Maka, yang sulit adalah mewujudkan “air tuba dibalas air susu.” Keburukan dibalas kebaikan. Dengan begitu, benarlah jika pribadi Rasulullah SAW itu sungguh istimewa. Telah berabad lalu beliau mencontohkan membalas air tuba dengan susu. Jauh sebelum pepatah itu ada, barangkali.

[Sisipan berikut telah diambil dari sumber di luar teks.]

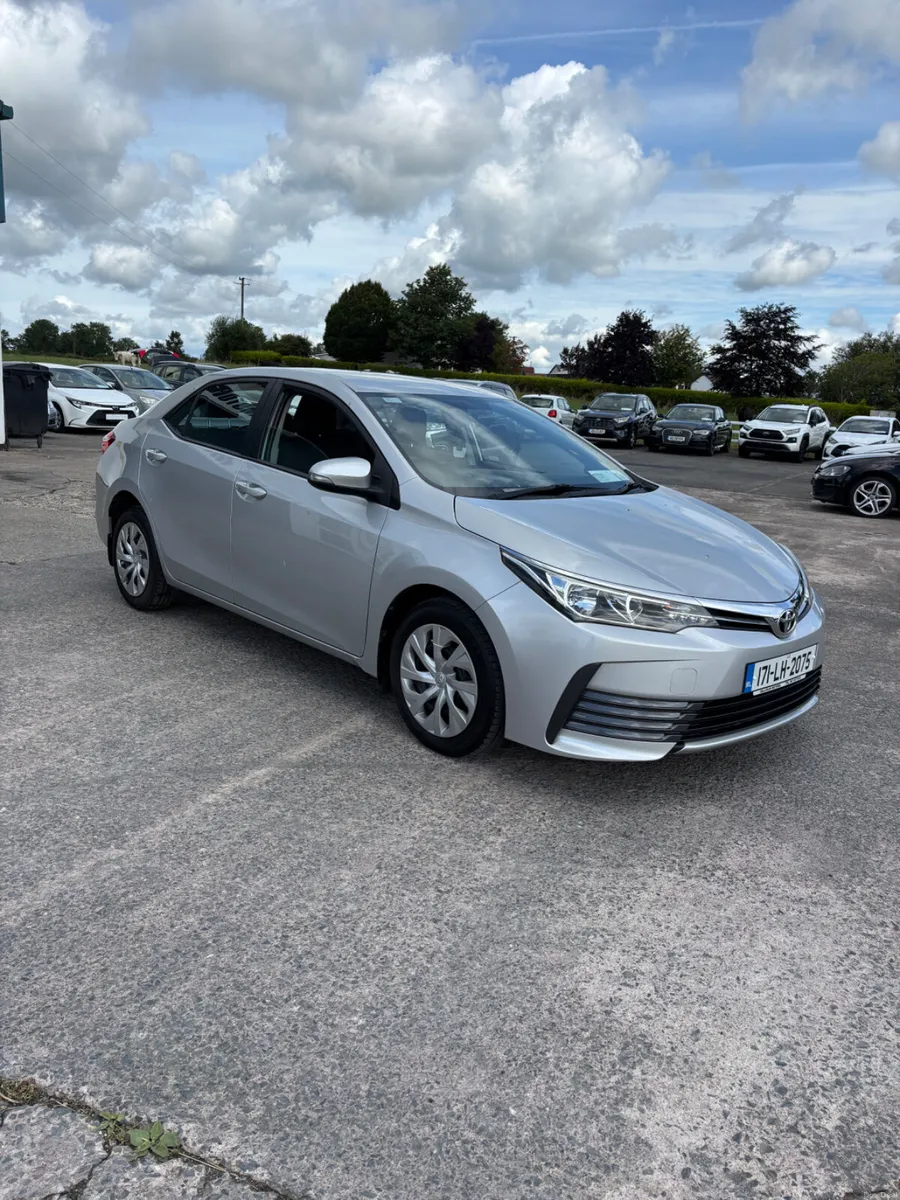 Toyota Corolla 2017 - Image 6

Bukankah buku-buku bacaan anak-anak banyak mengisahkan bagaimana ketegaran Rasul yang dicaci, tapi tidak balas mencaci, dimaki tidak balas memaki, difitnah juga tidak balas memfitnah? Didikan langsung Rasulullah itu pun, mengalir deras pada diri sahabat kala itu. Sebagaimana kisah perselisihan antara Abu Bakar dan Robi’ah bin Ka’ab Al-Aslamy, berikut ini:
Kisah ini diriwayatkan oleh Imam Al-Hakim di Mustadroknya, ia berkata, “Ini adalah hadits shohih menurut syarat Muslim dan keduanya tidak mengeluarkannya”. Dari Robi’ah bin Ka’ab Al-Aslamy ia menuturkan: Rasulullah SAW memberiku sebidang tanah, dan ia juga memberi Abu Bakar sebidang tanah. Lalu kami berselisih pada sepokok kurma. Ia (Robi’ah) berkata, “Maka datanglah dunia”. Maka Abu Bakar berkata, “Ini termasuk dalam batas tanahku”. Aku pun menyanggah, “Tidak .. akan tetapi ini termasuk dalam batas tanahku”.

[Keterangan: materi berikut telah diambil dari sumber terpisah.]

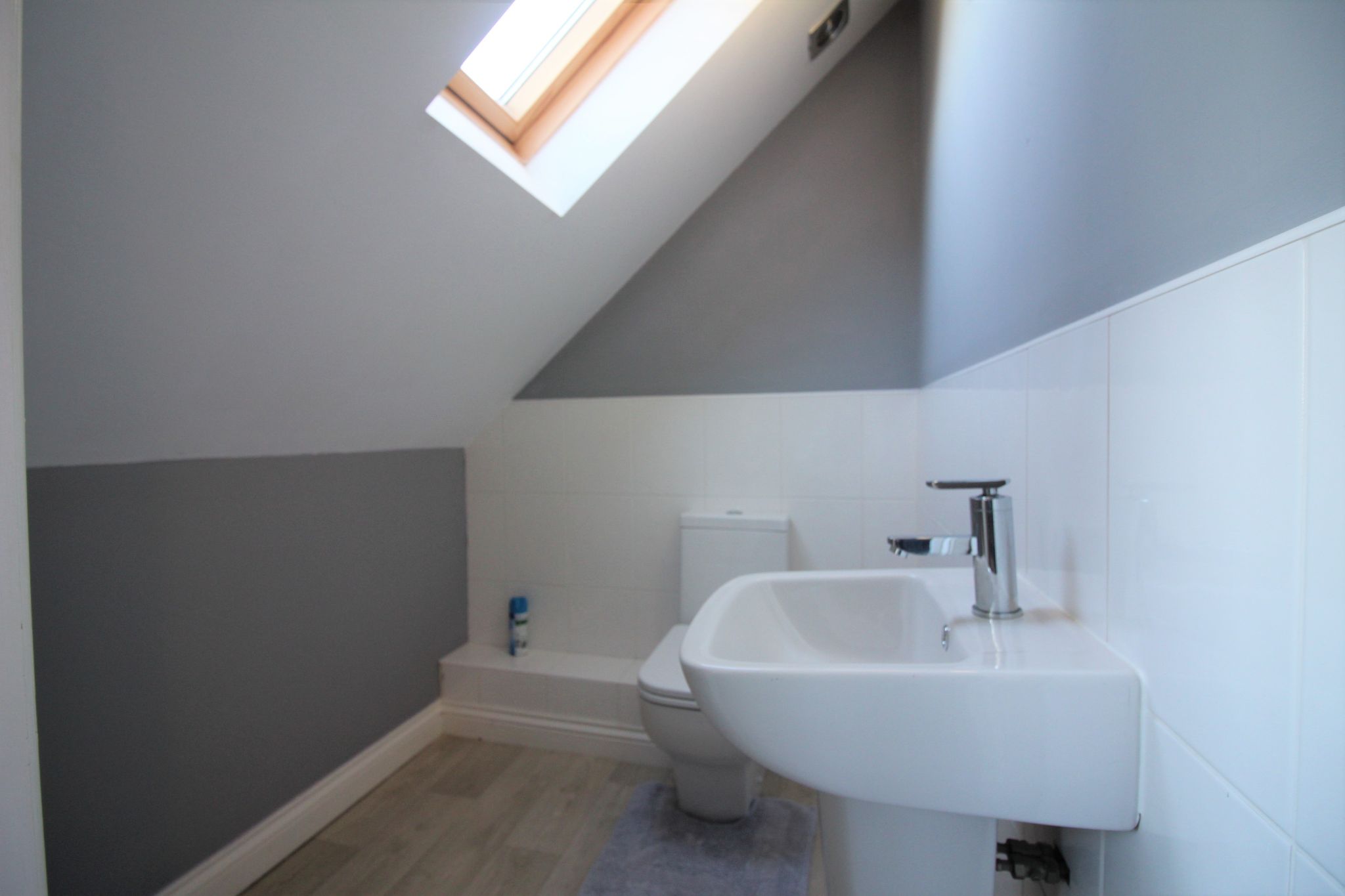 4 bedroom semi-detached house SSTC in Solihull - Photograph 13.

Lantas Abu Bakar melontarkan kepadaku kata-kata yang tidak aku sukai. Dan dia menyesali kata-katanya itu. Maka ia berkata kepadaku, “Hai Robi’ah, ucapkanlah kepadaku seperti apa yang telah aku katakan kepadamu sehingga menjadi qishosh”. Aku menjawab, “Tidak, demi Allah aku tidak akan mengatakan kepadamu kecuali yang baik”. Abu Bakar kembali berkata, “Demi Allah, engkau harus mengucapkan kepadaku seperti ucapanku kepadamu sehingga menjadi qishosh atau aku akan mengadukanmu kepada Rasulullah SAW”.
Aku berkata, “Tidak, aku tidak akan mengatakan kepadamu kecuali yang baik”. Maka Abu Bakar tidak menerima pembagian tanah tersebut, dan ia mendatangi Rasulullah SAW. Sementara aku (Robi’ah) mengikuti di belakangnya. Sekelompok orang dari suku Aslam (suku Robi’ah) berkata, “Semoga Allah merahmati Abu Bakar. Dia yang telah melontarkan kata-kata itu kepadamu, kenapa dia yang mengadukanmu kepada Rasulullah?”.

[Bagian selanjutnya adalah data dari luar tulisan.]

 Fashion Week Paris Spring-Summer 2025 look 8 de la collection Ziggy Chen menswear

Aku berkata, “Tahukah kalian siapa ini? Ini adalah Abu Bakar .. teman Rasulullah SAW di dalam gua. Orang yang dituakan oleh kaum muslimin. Jangan sampai ia menoleh dan melihat kalian membelaku, sehingga dia marah lantas Rasulullah ikut marah karena kemarahannya, maka Allah akan marah pula karena kemarahan keduanya. Jika sampai itu terjadi celakalah Robi’ah. Pulanglah kalian!!”.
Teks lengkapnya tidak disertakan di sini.